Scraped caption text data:

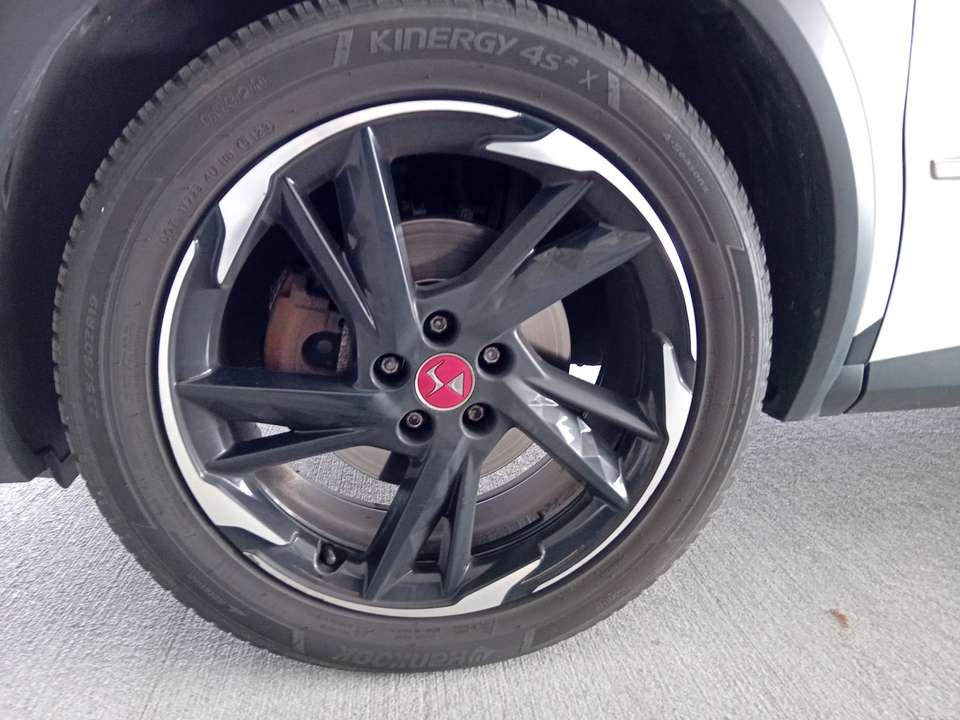 DS Automobiles DS 7 - Imagem 11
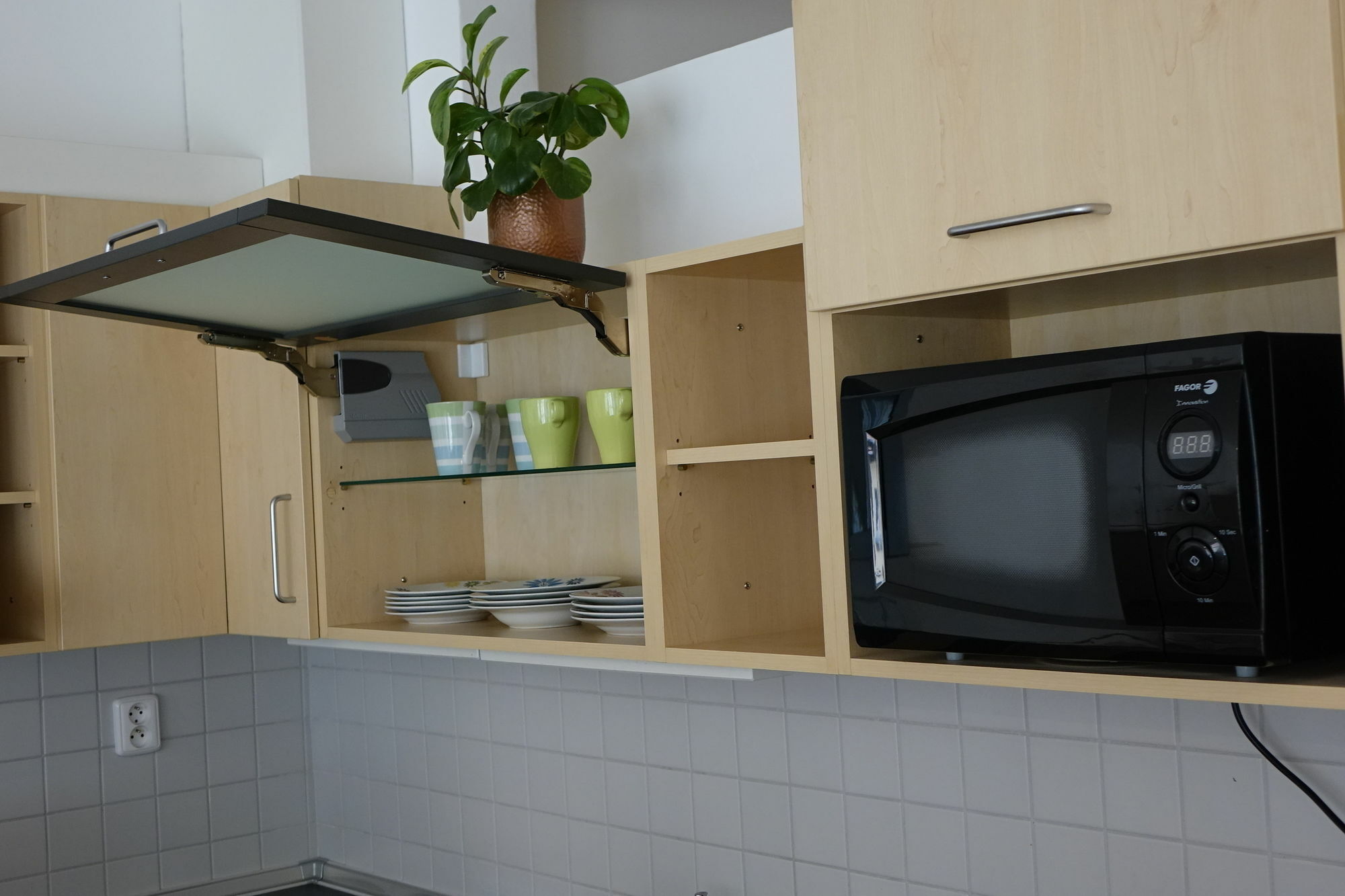 Eel Accommodation Бърно Екстериор снимка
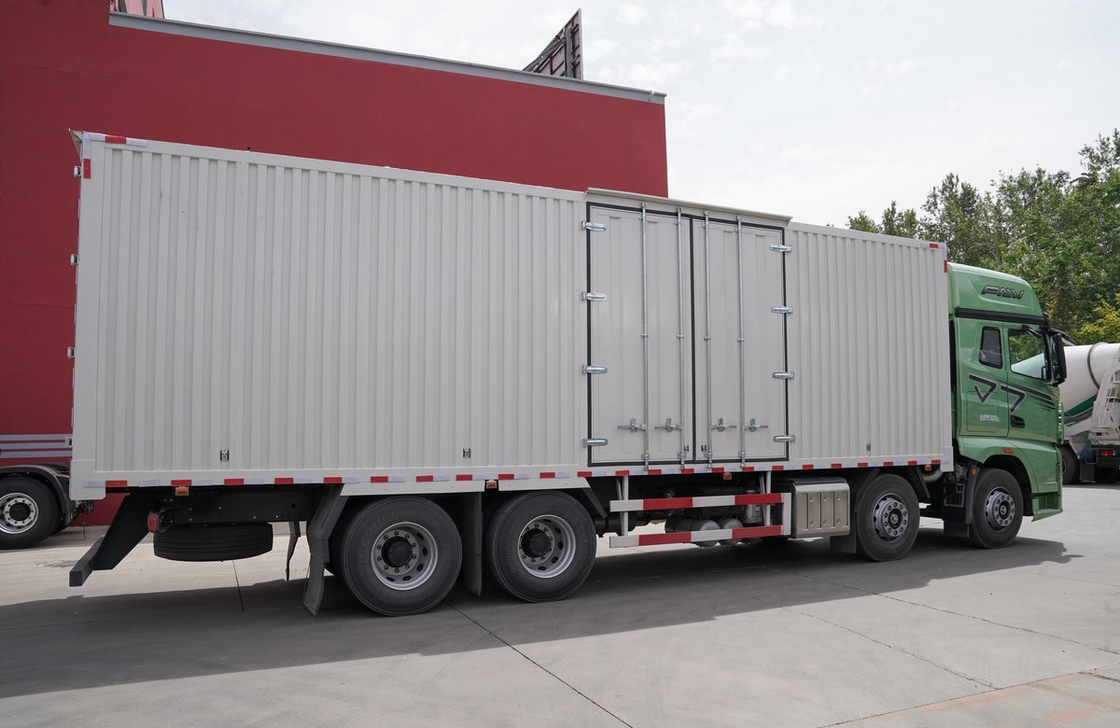 12 চাকা মালবাহী ট্রাক 8 × 4 ডিজেল ইঞ্জিন 560hp এফএডাব্লু লরি ট্রাক ভ্যান বক্স 20 টন ক্ষমতা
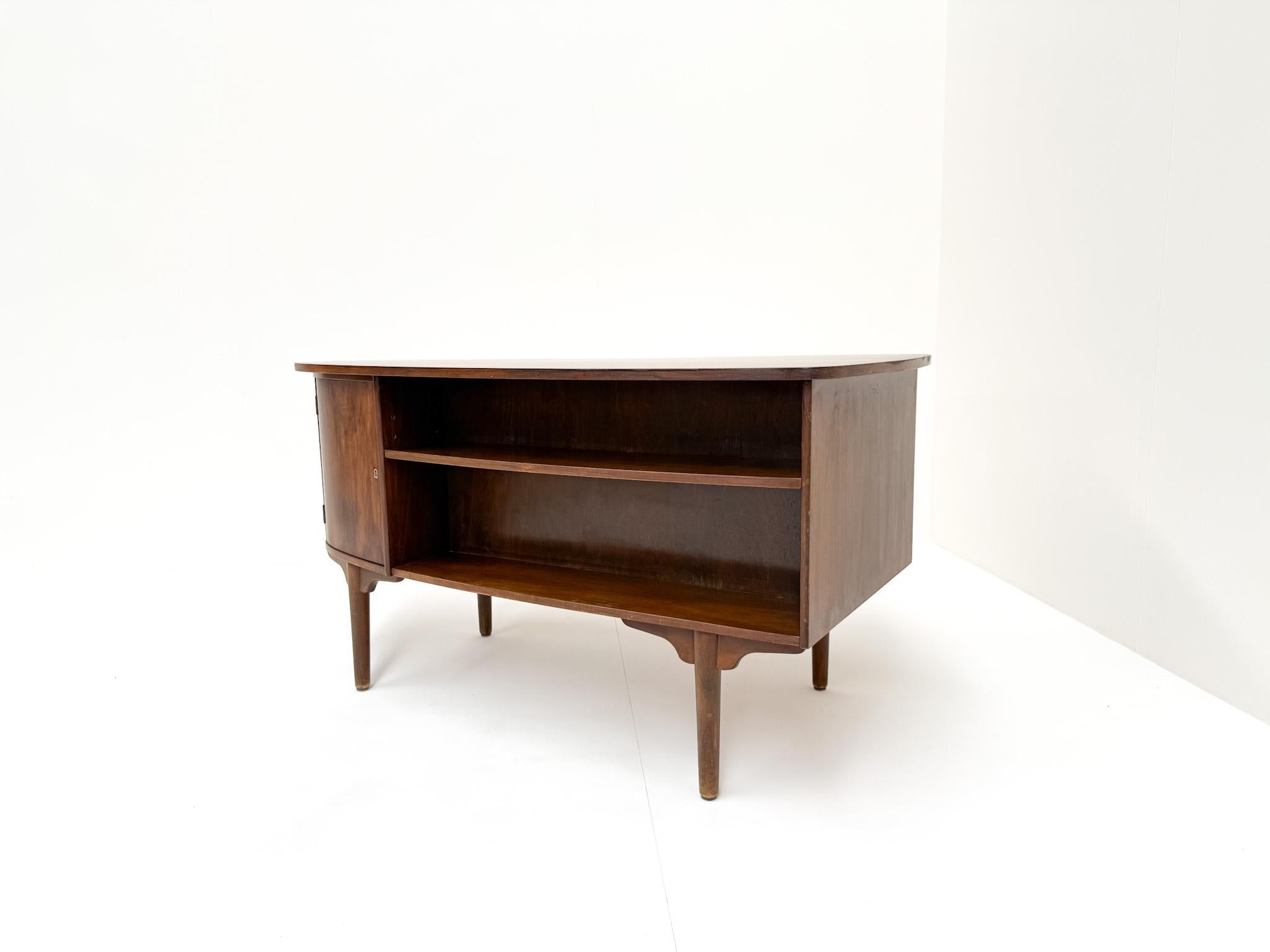 Mid-Century Modern Walnut Desk with Bookshelf Back For Sale 7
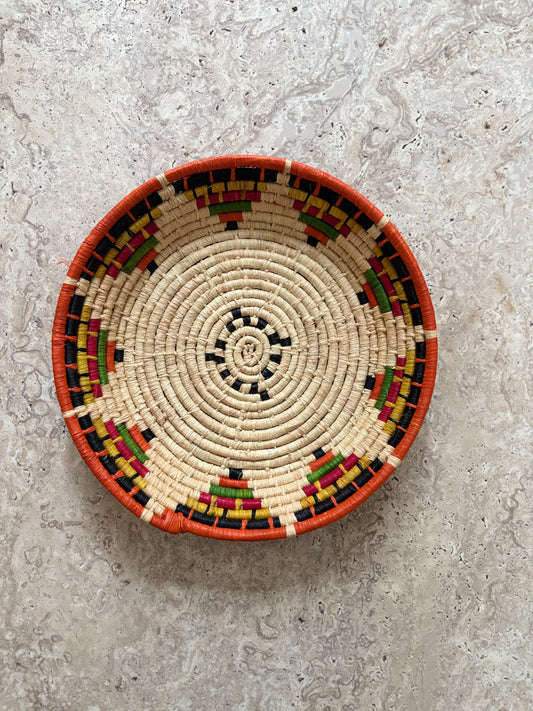 Panier en matières naturelles fait main 30cm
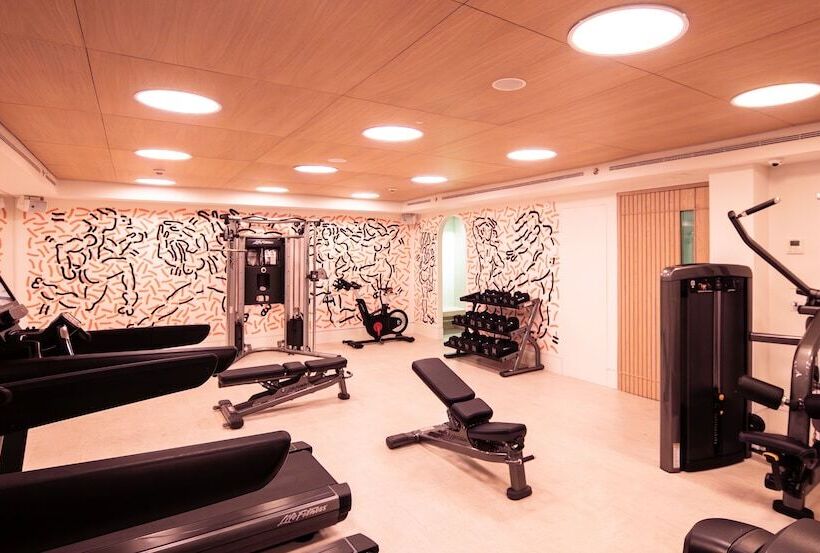 호텔 The Standard, Ibiza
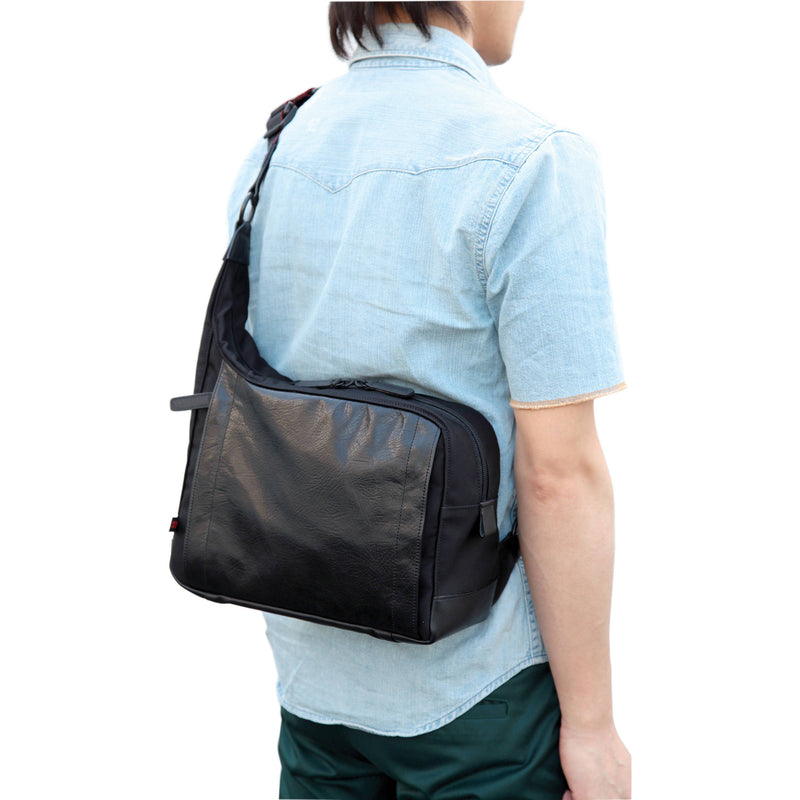 Artisan & Artist RR4-05C Camera Sling Bag (Black)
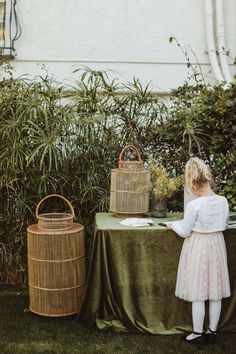 A Mid-Century Modern Wedding at the Parker Palm Springs Palm Springs Party Decor, Palm Springs Party, Palm Springs Desert, The Parker Palm Springs, Mid Century Modern Wedding, Parker Palm Springs, Dried Flowers Wedding, Sage Wedding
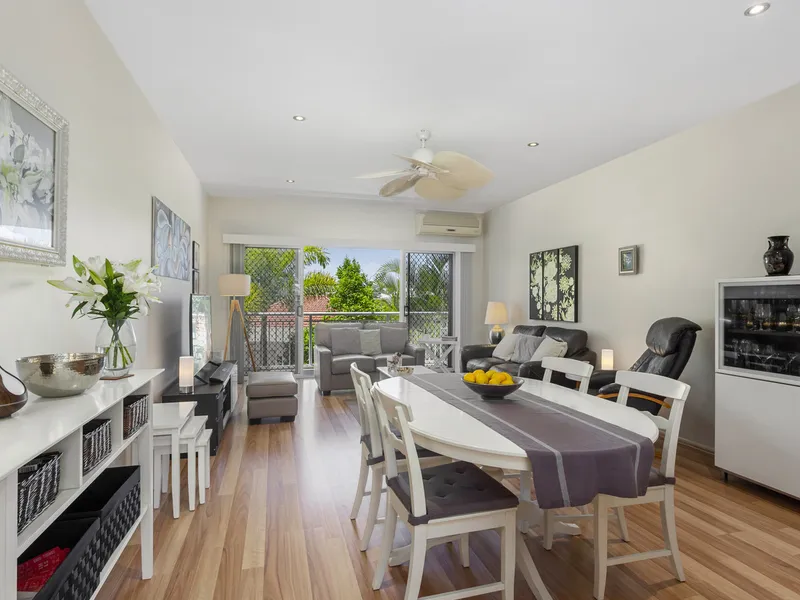 Boutique Style Miami Large 3 Bedroom Walk to Beach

■ Directions for this task: Quote each record exactly as it stands, minus the pictures.

■ Answer to this problem:
 DS Automobiles DS 7 - Imagem 11
 Eel Accommodation Бърно Екстериор снимка
 12 চাকা মালবাহী ট্রাক 8 × 4 ডিজেল ইঞ্জিন 560hp এফএডাব্লু লরি ট্রাক ভ্যান বক্স 20 টন ক্ষমতা
 Mid-Century Modern Walnut Desk with Bookshelf Back For Sale 7
 Panier en matières naturelles fait main 30cm
 호텔 The Standard, Ibiza
 Artisan & Artist RR4-05C Camera Sling Bag (Black)
 A Mid-Century Modern Wedding at the Parker Palm Springs Palm Springs Party Decor, Palm Springs Party, Palm Springs Desert, The Parker Palm Springs, Mid Century Modern Wedding, Parker Palm Springs, Dried Flowers Wedding, Sage Wedding
 Boutique Style Miami Large 3 Bedroom Walk to Beach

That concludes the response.